Going through the records that follow, please count the lines with "around" in them and give only the count.

[DATA TO PROCESS — start]

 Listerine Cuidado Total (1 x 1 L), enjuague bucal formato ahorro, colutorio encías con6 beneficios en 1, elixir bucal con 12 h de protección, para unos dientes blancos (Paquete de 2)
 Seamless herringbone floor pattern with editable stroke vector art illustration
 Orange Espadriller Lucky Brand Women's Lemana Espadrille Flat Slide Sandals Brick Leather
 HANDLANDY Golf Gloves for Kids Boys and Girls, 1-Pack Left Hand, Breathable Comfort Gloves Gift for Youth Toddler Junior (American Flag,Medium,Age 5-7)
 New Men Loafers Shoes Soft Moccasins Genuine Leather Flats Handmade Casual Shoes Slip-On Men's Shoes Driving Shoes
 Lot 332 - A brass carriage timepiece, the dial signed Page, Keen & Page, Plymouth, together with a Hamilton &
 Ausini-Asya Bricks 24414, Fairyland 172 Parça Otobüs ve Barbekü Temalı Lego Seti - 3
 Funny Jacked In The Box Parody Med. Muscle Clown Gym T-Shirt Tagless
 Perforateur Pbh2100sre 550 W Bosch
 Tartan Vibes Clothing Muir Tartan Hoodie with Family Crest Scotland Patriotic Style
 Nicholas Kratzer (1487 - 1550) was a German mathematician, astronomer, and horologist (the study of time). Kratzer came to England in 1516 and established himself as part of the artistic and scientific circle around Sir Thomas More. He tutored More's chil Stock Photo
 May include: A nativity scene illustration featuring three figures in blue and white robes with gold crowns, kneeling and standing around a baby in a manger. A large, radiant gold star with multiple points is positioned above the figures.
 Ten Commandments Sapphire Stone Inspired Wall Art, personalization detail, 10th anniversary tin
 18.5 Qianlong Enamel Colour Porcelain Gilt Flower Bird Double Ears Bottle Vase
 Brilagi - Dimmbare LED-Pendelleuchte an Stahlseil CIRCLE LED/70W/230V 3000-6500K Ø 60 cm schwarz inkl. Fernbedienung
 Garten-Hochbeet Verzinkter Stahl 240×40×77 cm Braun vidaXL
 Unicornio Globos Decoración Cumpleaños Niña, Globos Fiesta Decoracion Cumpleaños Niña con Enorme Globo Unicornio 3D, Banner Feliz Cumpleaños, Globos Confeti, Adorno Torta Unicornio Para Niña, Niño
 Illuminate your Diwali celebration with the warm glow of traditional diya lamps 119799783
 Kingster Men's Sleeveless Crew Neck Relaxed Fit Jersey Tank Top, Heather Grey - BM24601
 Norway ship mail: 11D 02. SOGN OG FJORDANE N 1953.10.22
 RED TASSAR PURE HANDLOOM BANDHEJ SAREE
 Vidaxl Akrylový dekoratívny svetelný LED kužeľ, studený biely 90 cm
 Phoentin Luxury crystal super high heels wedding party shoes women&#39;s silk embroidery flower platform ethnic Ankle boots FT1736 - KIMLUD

[DATA TO PROCESS — finish]

## ANSWER TO THE PROBLEM
2